RECORDS SUPPLIED below:

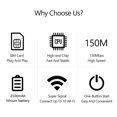 thumbnail image 3 of BLEEUS 4G Lte Mobile Wifi Router With Sim Card Slot 150Mbps Mini Hotspot (LED Asian), 3 of 10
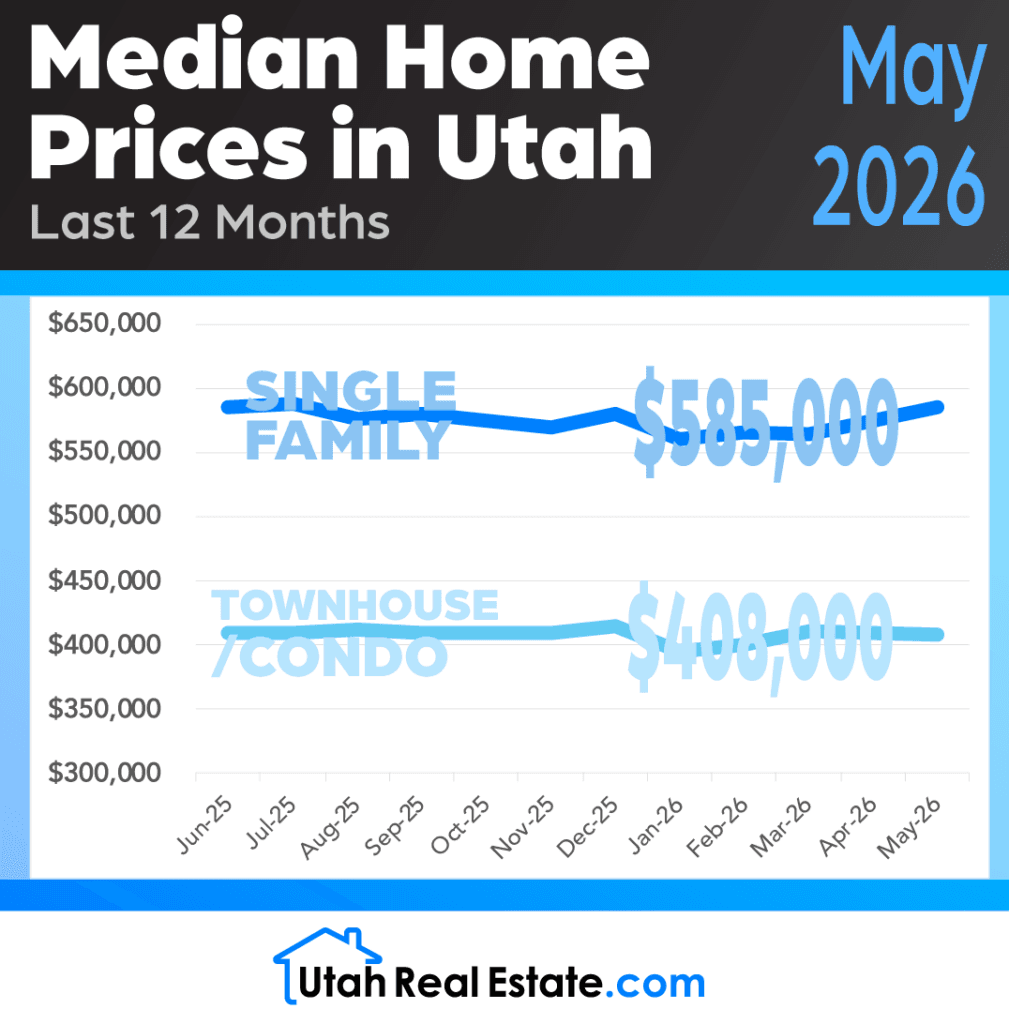 Median Home Prices in Utah – May 2026 preview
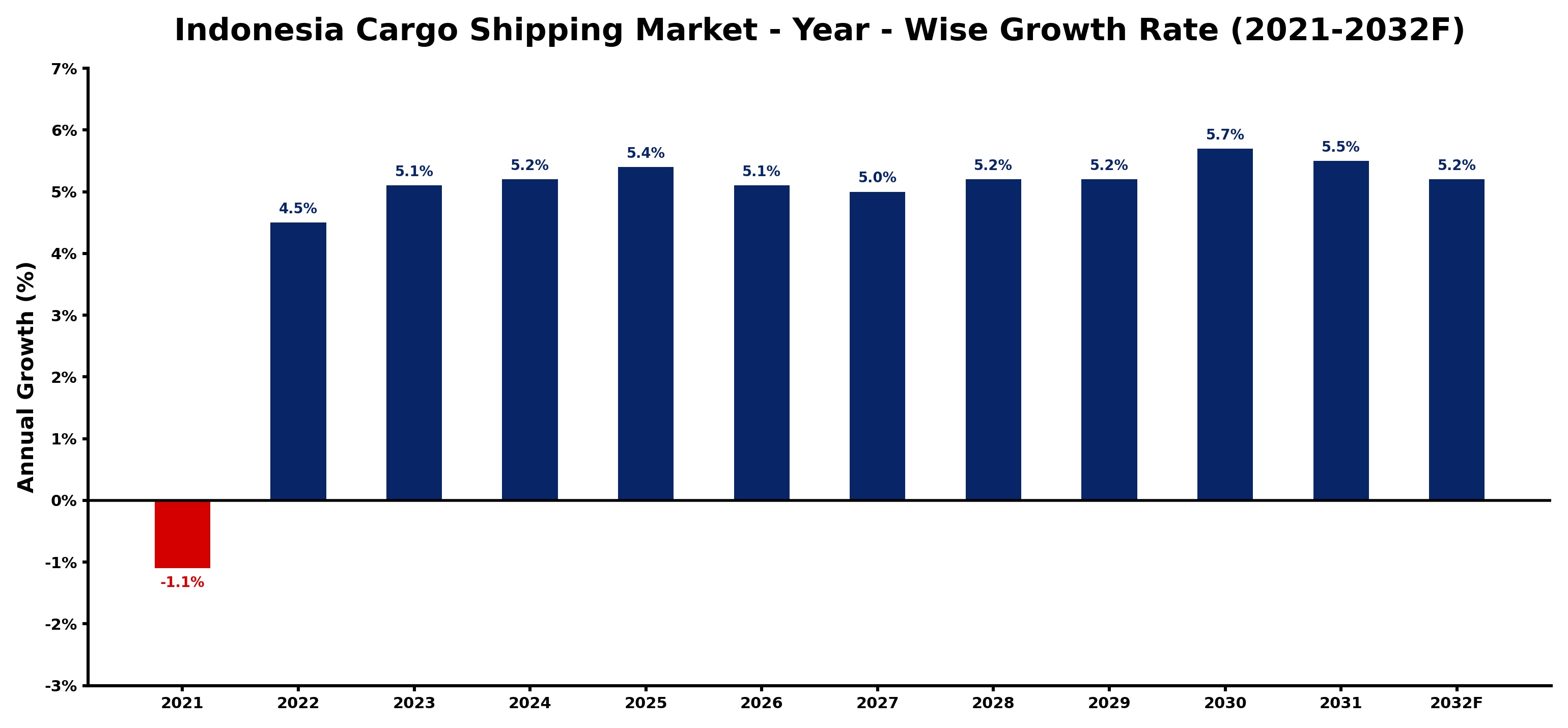 Indonesia Cargo Shipping Market Year-wise Growth Rate and Key Drivers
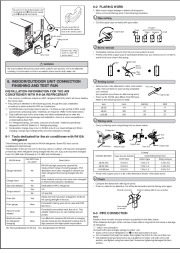 Mitsubishi Electric Owners Manual page 6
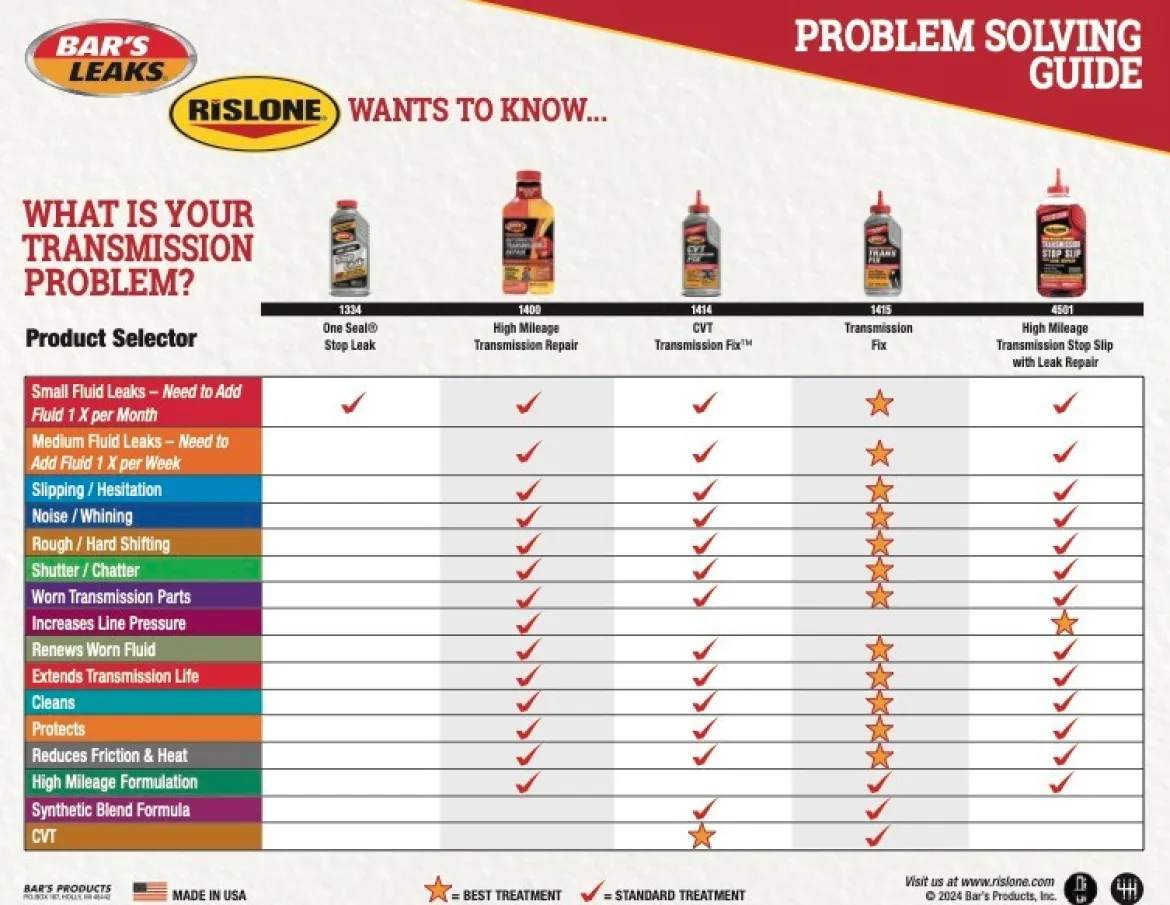 Bar's Leaks 11oz CVT Transmission Fix (1414)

End of RECORDS SUPPLIED.

- WHAT IS REQUIRED
In the answer, include exactly the lines from the one containing "Indonesia Cargo Shipping" through the end of the records above and no pictures at all.

- EXERCISE SOLUTION
 Indonesia Cargo Shipping Market Year-wise Growth Rate and Key Drivers
 Mitsubishi Electric Owners Manual page 6
 Bar's Leaks 11oz CVT Transmission Fix (1414)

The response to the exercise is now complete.